ErrorLog logs/error_log

#

# LogLevel: Control the number of messages logged to the error_log.

# Possible values include: debug, info, notice, warn, error, crit,

# alert, emerg.

#

LogLevel warn

#

# The following directives define some format nicknames for use with

# a CustomLog directive (see below).

#

LogFormat "%h %l %u %t \"%r\" %>s %b \"%{Referer}i\" \"%{User-Agent}i\"" combined

LogFormat "%h %l %u %t \"%r\" %>s %b" common

LogFormat "%{Referer}i -> %U" referer

LogFormat "%{User-agent}i" agent

LogFormat "%v %h %l %u %t \"%r\" %>s %b %T" script

LogFormat "%v %h %l %u %t \"%r\" %>s %b \"%{Referer}i\" \"%{User-Agent}i\" VLOG=%{VLOG}e" vhost

# You need to enable mod_logio.c to use %I and %O

#LogFormat "%h %l %u %t \"%r\" %>s %b \"%{Referer}i\" \"%{User-Agent}i\" %I %O" combinedio

#

# The location and format of the access logfile (Common Logfile Format).

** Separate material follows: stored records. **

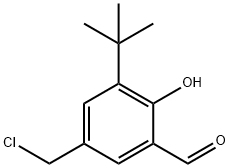 Benzaldehyde, 5-(chloromethyl)-3-(1,1-dimethylethyl)-2-hydroxy-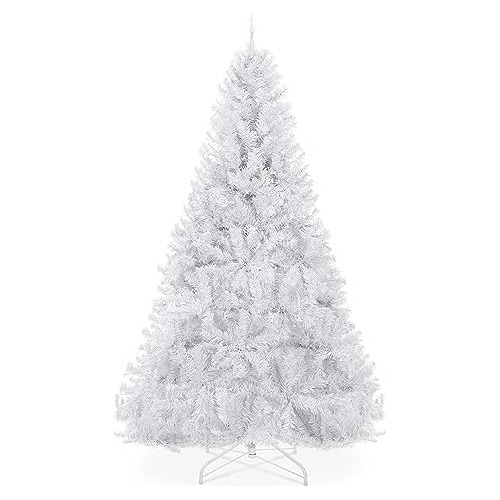 Árbol Navidad Artificial Blanco 7.5ft Premium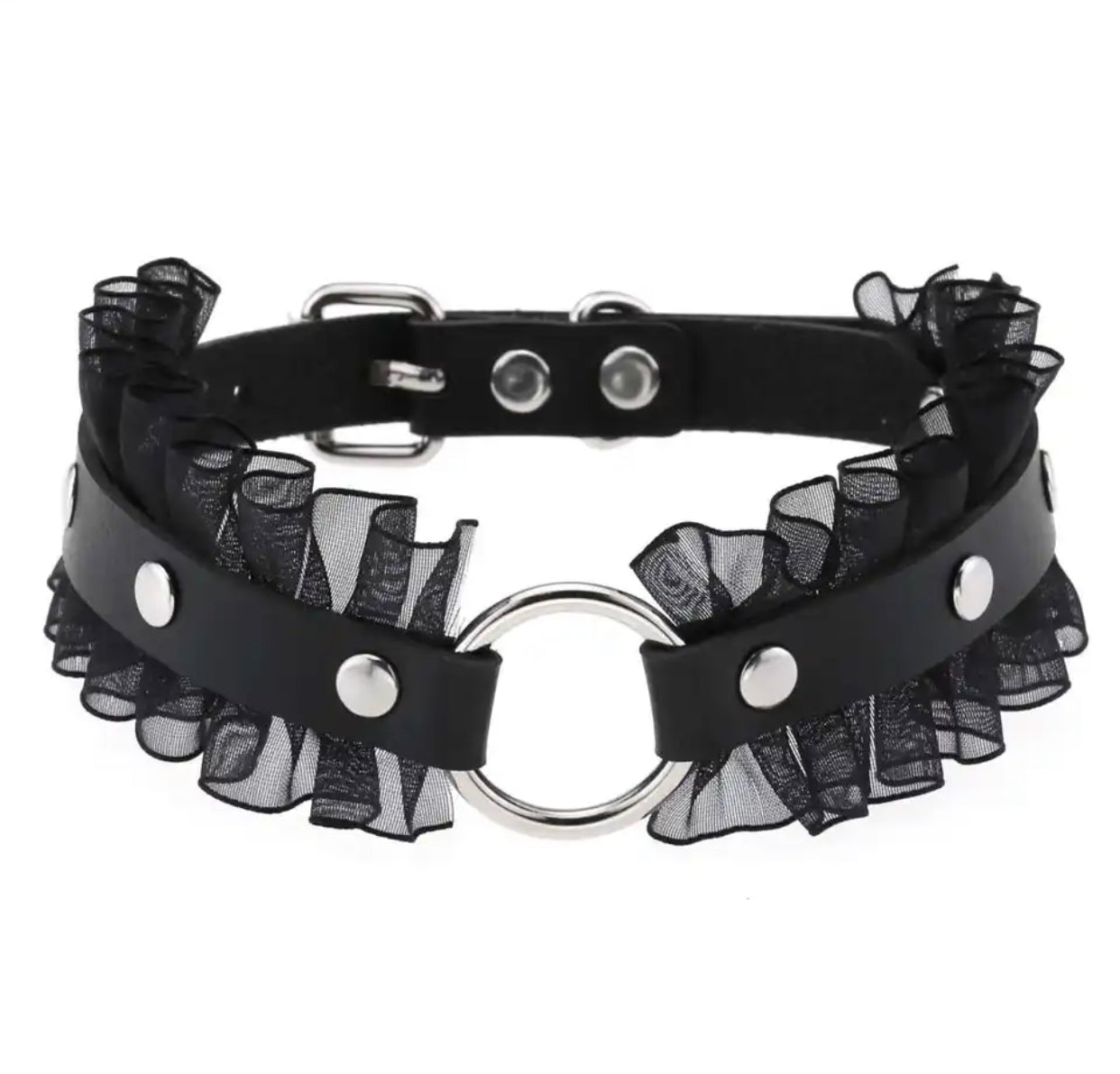 Choker Encaje Aro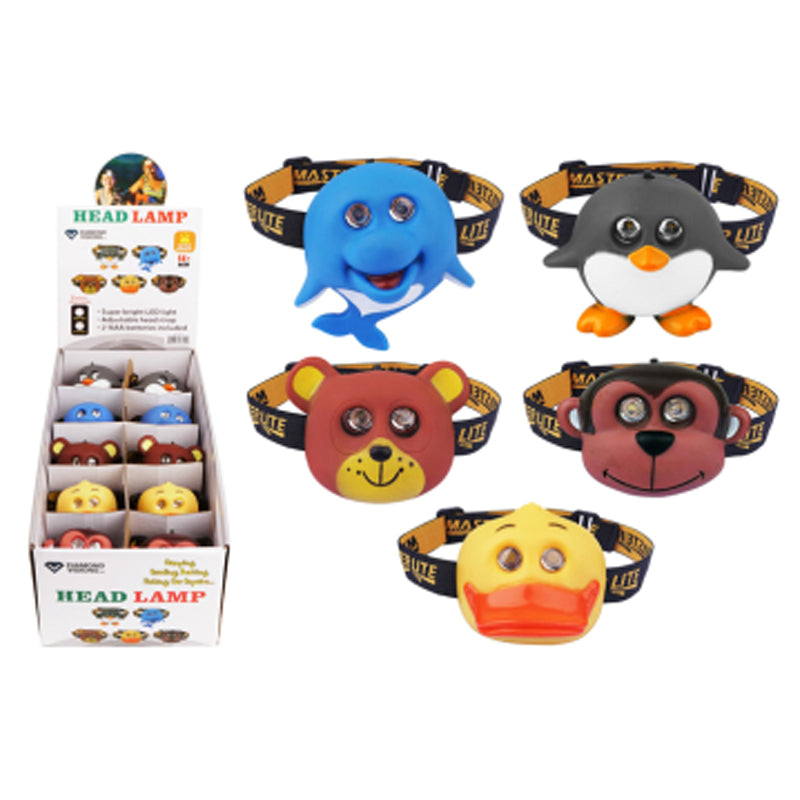 Animal Led Head Lamp - Multi-Color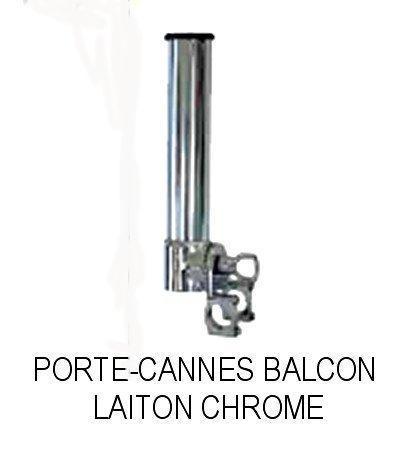 Porte-canne balcon laiton chrom�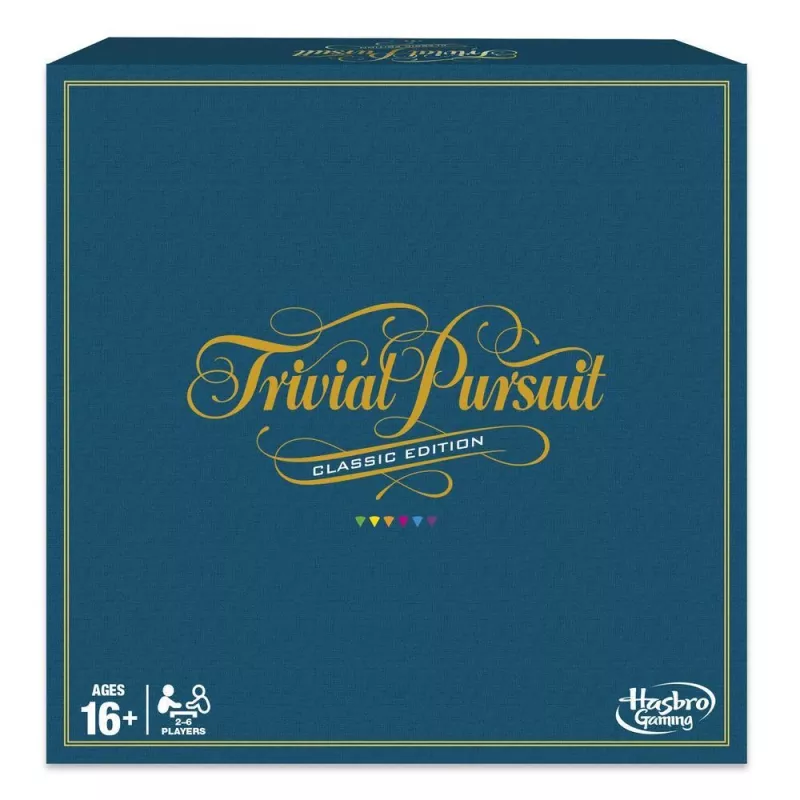 Hasbro Gaming Trivial Pursuit peli: Classic Edition lautapeli oppimispeli
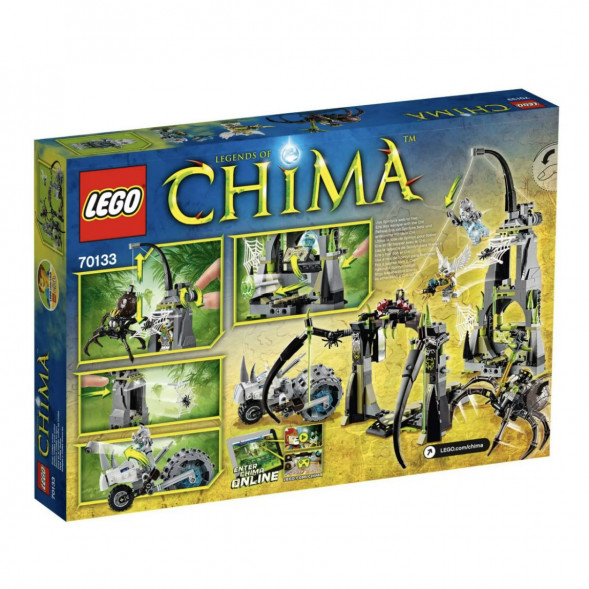Конструктор LEGO Legends Of Chima 70133 Пещера Спинлина в Якутске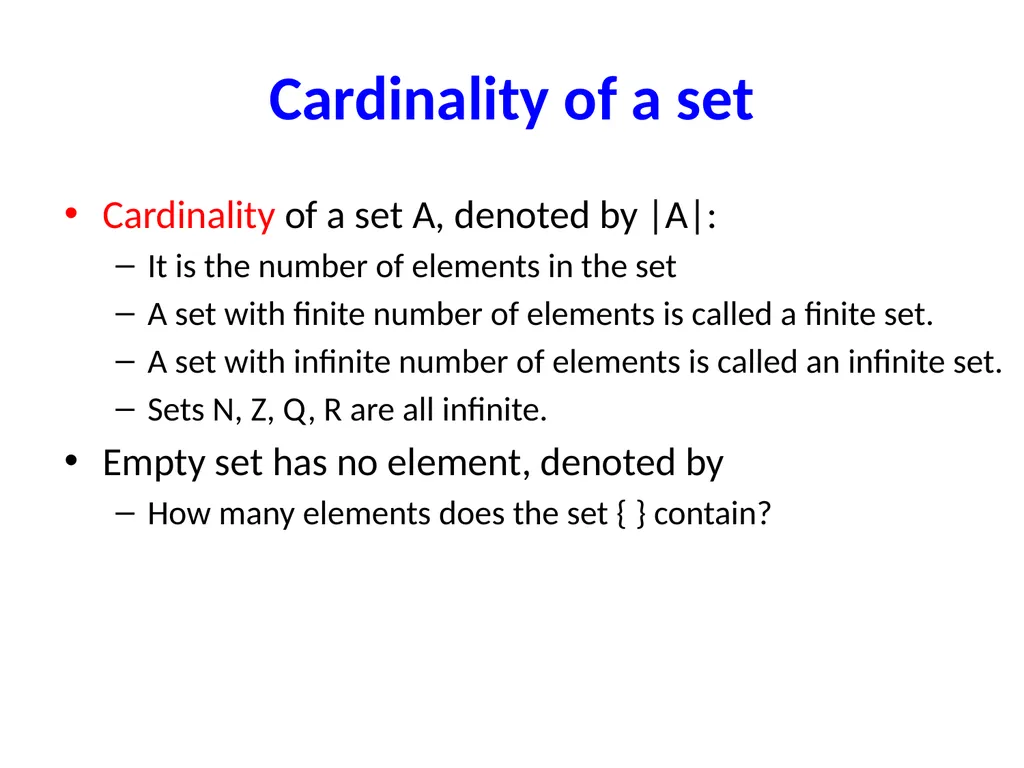 Set Theory – Part I Chapter 3.1, 3.2, 3.3 - slide 21 of 58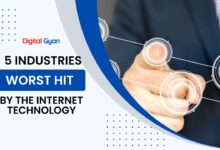 industries worst hit by internet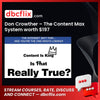 Don Crowther – The Content Max System worth $197 free downoad, dbcflix, dbcflix.com, storedbc.com, downloadbusinesscourse, mega, google drive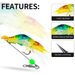 Luminous Bionic Soft 7cm 5.8g With Hook Shrimp Lure Bass Snakehead Fish Topmouth Culter All-Purpose_desvips.com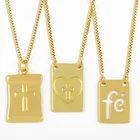 Женское Ожерелье с геометрическим квадратным кулоном FLOLA, модное простое ювелирное изделие, подарок для женщин, 15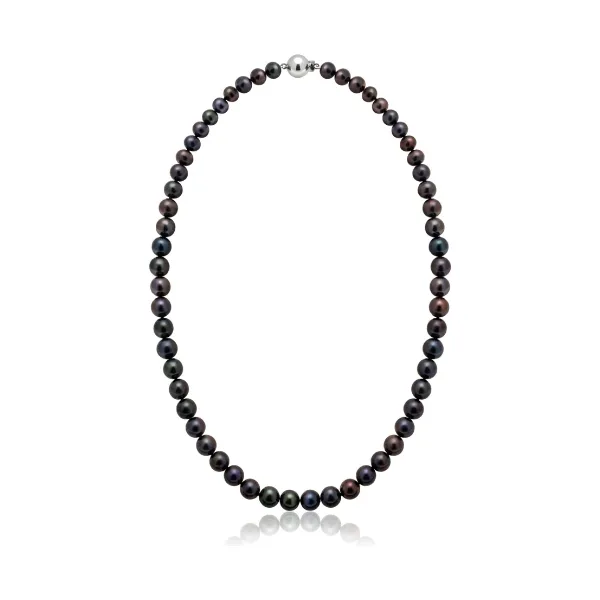 Black Freshwater Pearl Necklaces | Grade AA | 7mm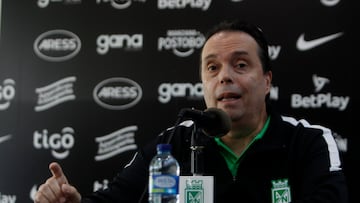 Mauricio Navarro de Bedout fue presentado este martes 30 de agosto como nuevo presidente de Atlético Nacional.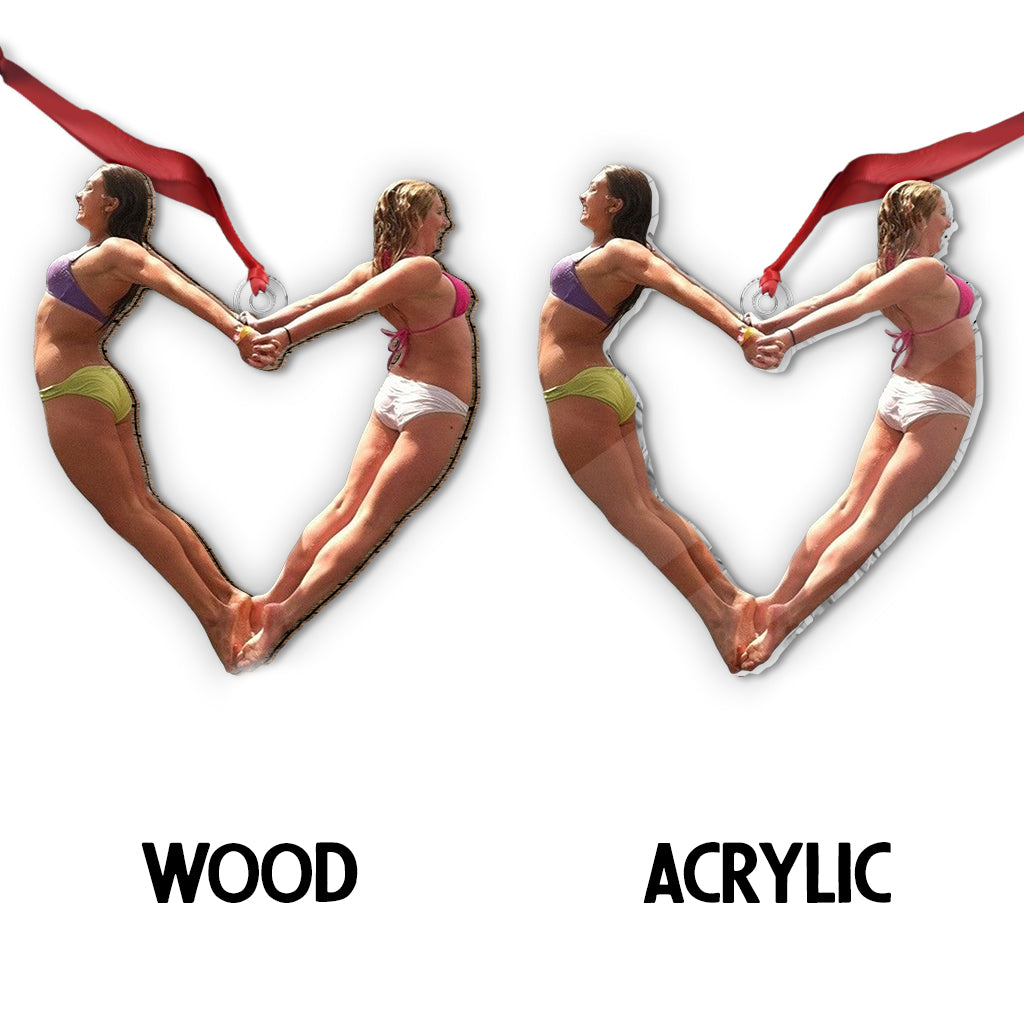 Foto-Weihnachtsbaumschmuck – Personalisierter Weihnachtsschmuck in individueller Form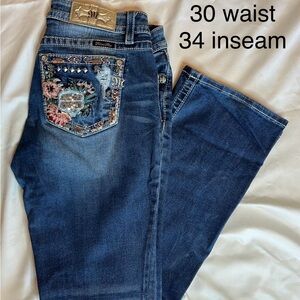 Miss Me Blue Boot Cut Jeans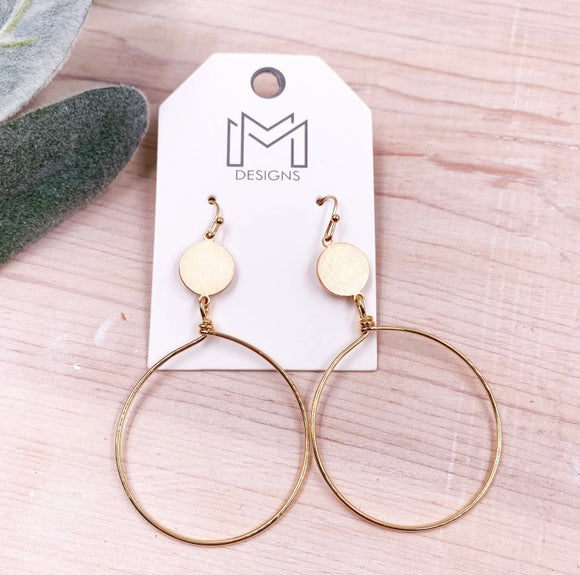 Alaina Earrings - Gold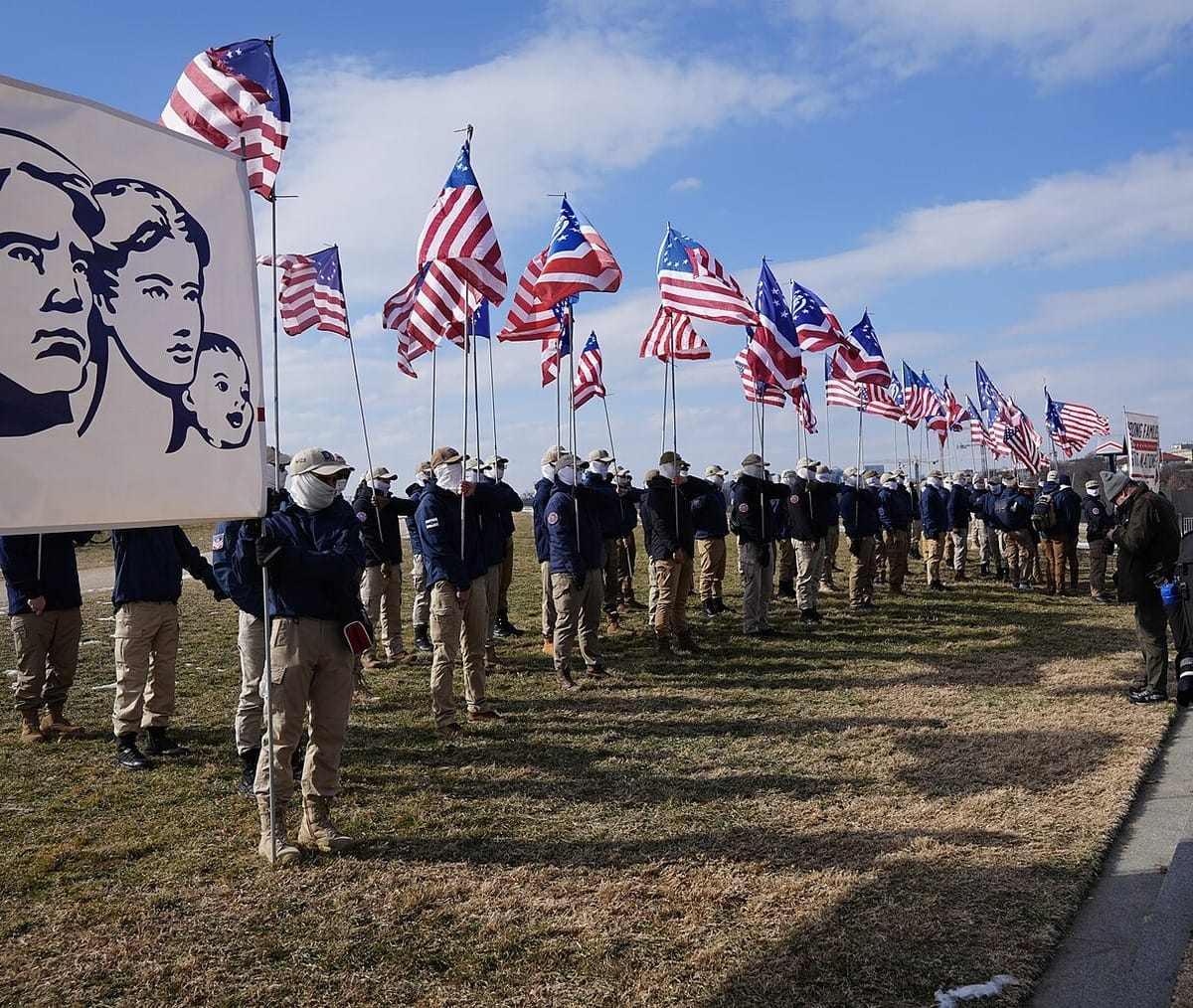 Patriot front in d. C. During march for life rally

# If you do not define any access logfiles within a <VirtualHost>

# container, they will be logged here.  Contrariwise, if you *do*

# define per-<VirtualHost> access logfiles, transactions will be

# logged therein and *not* in this file.

#

CustomLog logs/access_log common

#

# If you would like to have agent and referer logfiles, uncomment the

# following directives.

#

#CustomLog logs/referer_log referer

#CustomLog logs/agent_log agent

#

# If you prefer a single logfile with access, agent, and referer information

# (Combined Logfile Format) you can use the following directive.

#

#CustomLog logs/access_log combined

#

# ServerTokens

# This directive configures what you return as the Server HTTP response

# Header. The default is 'Full' which sends information about the OS-Type

# and compiled in modules.

# Set to one of:  Full | OS | Minor | Minimal | Major | Prod

# where Full conveys the most information, and Prod the least.

#

ServerTokens Prod

#

# Optionally add a line containing the server version and virtual host

# name to server-generated pages (internal error documents, FTP directory 

# listings, mod_status and mod_info output etc., but not CGI generated 

# documents or custom error documents).

# Set to "EMail" to also include a mailto: link to the ServerAdmin.

# Set to one of:  On | Off | EMail

#

ServerSignature On

#

# Aliases: Add here as many aliases as you need (with no limit). The format is 

# Alias fakename realname

#

# Note that if you include a trailing / on fakename then the server will

# require it to be present in the URL.  So "/icons" isn't aliased in this

# example, only "/icons/".  If the fakename is slash-terminated, then the 

# realname must also be slash terminated, and if the fakename omits the 

# trailing slash, the realname must also omit it.

#

# We include the /icons/ alias for FancyIndexed directory listings.  If you

# do not use FancyIndexing, you may comment this out.

#

Alias /icons/ "/var/www/localhost/icons/"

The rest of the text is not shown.